Exercise aim:
Exact copy, no pictures: return only the lines below from the line with "Subscribe to our" up to and including the line with "The next thing".

Data for processing:
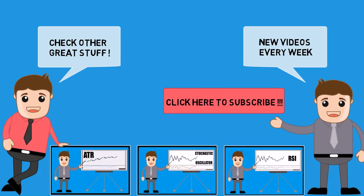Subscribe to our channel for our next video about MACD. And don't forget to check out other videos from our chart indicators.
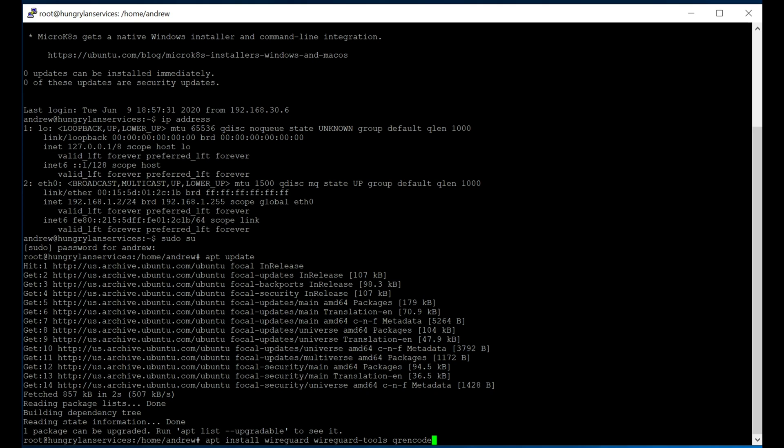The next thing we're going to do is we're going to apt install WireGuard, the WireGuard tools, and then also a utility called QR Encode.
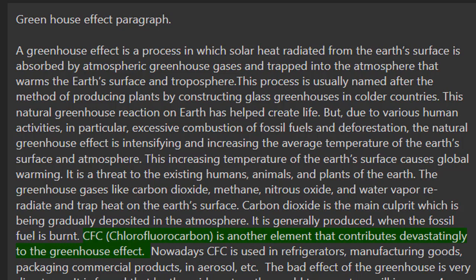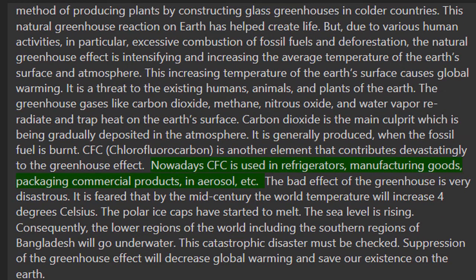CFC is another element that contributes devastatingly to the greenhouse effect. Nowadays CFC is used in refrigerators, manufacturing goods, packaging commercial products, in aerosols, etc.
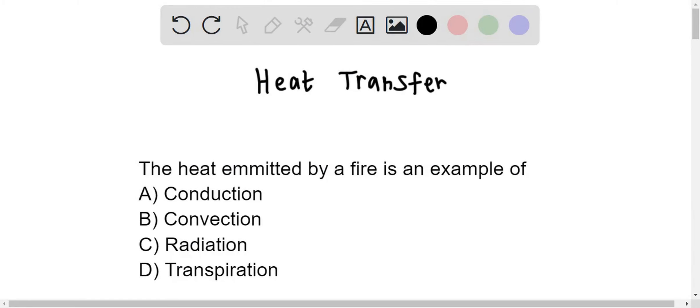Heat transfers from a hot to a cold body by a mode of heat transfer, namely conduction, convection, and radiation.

* * *

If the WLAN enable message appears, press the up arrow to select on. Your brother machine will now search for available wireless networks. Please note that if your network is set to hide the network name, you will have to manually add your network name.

Answer box:
Subscribe to our channel for our next video about MACD. And don't forget to check out other videos from our chart indicators.
The next thing we're going to do is we're going to apt install WireGuard, the WireGuard tools, and then also a utility called QR Encode.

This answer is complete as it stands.